JOL Press : Quel type de ségrégation subissent les homos turcs ?
 

Laurent Leylekian : Les gays sont par exemple dispensés de service militaire (obligatoire en Turquie), au même titre que les malades et les handicapés. L’armée fonde cette discrimination sur un document de l’Association psychiatrique américaine de 1968, qui classait à l’époque l’homosexualité parmi les troubles mentaux.

En outre, pour échapper au service militaire, les jeunes gens doivent «prouver» leur orientation sexuelle. Cela passe généralement par une épreuve humiliante : description détaillées des pratiques sexuelles, examens anaux – la plupart du temps contraints –, témoignages de membres de la famille qui, bien souvent, ont été maintenus dans l’ignorance de ce secret «honteux».

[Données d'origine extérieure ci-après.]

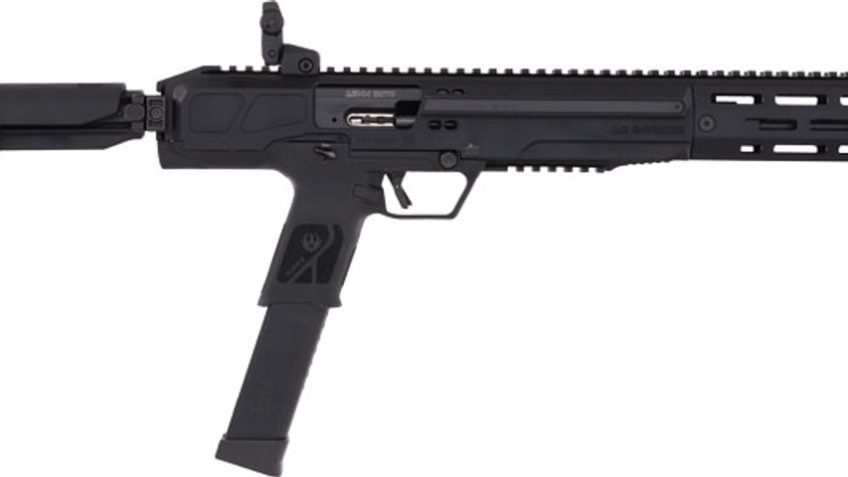 Ruger LC Carbine 10mm Semi Auto Rifle w/Folding Stock, Flip Up Sights, 30+1 – 30+1 Rounds, 16.25″ Barrel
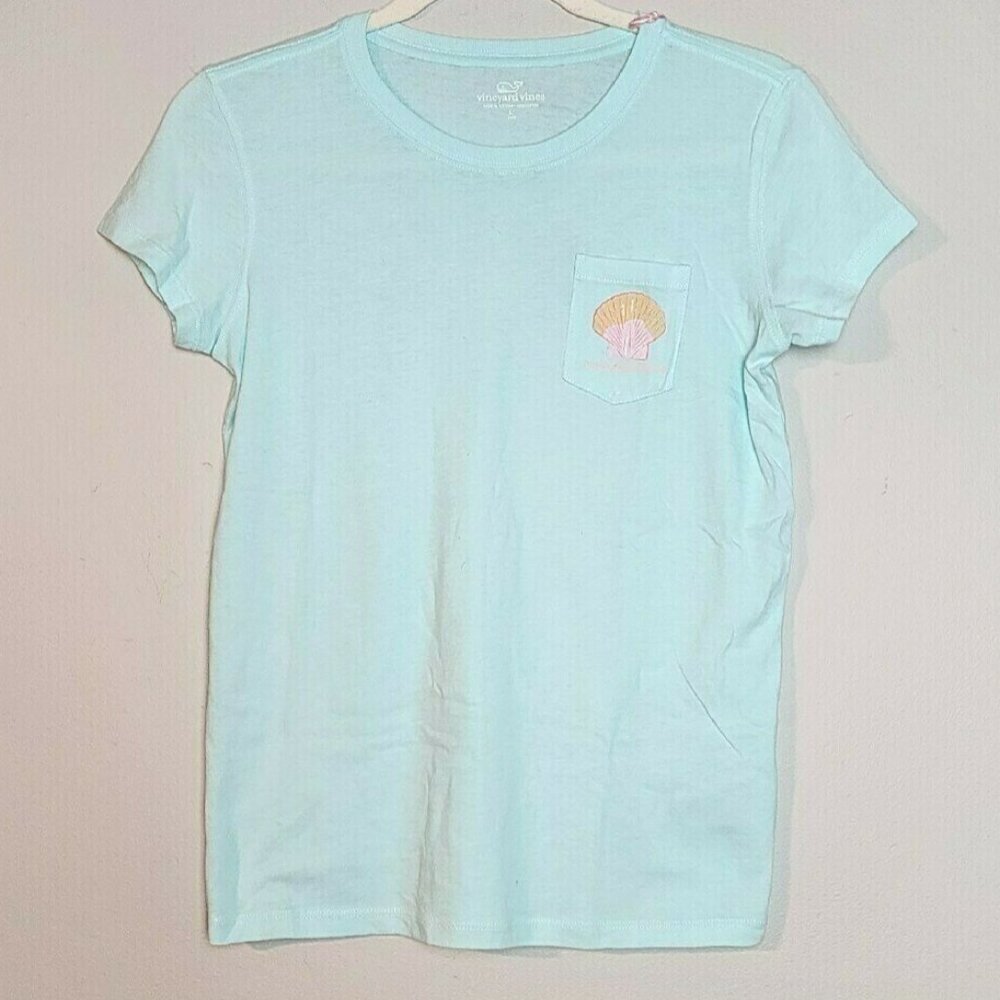 Vineyard Vines Girl t shirt Seashells size 14 / L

On leur délivre ensuite un «certificat rose», qui porte le libellé «trouble psychosexuel / homosexualité». Or, ce papier a des conséquences sur le long terme : un employeur peut par exemple exiger les raisons pour lesquelles le demandeur d’emploi n’a pas effectué son service militaire. Même chose pour un propriétaire qui veut louer un logement.

JOL Press : Les homosexuels turcs bénéficient-ils de protections spécifiques ?
 

Laurent Leylekian : En Turquie, l’homosexualité n’est pas pénalement réprimée. En revanche, le Code civil turc contient de vagues interdictions contre «l’exhibitionnisme en public» et les «outrages à la morale publique». Cela est évidemment sujet à interprétation et ne porte pas seulement atteinte aux droits des homosexuels. La Turquie ne reconnaît évidemment pas le mariage entre personnes de même sexe et l’homoparentalité. De plus, il n’existe aucune loi pour protéger les LGBT des discriminations à l’embauche, à l’éducation, au logement, aux soins etc.

JOL Press : Comment a évolué la situation ces dernières années ?
 

Laurent Leylekian : Je dirais qu’elle a empiré. Les rapports annuels de la Commission européenne, qui évaluent le pays et qui sont généralement très lénifiants, pointent pourtant régulièrement du doigt cette discrimination envers les homosexuels. Pour la première fois en 2013, ce rapport mentionne des meurtres d’homosexuels.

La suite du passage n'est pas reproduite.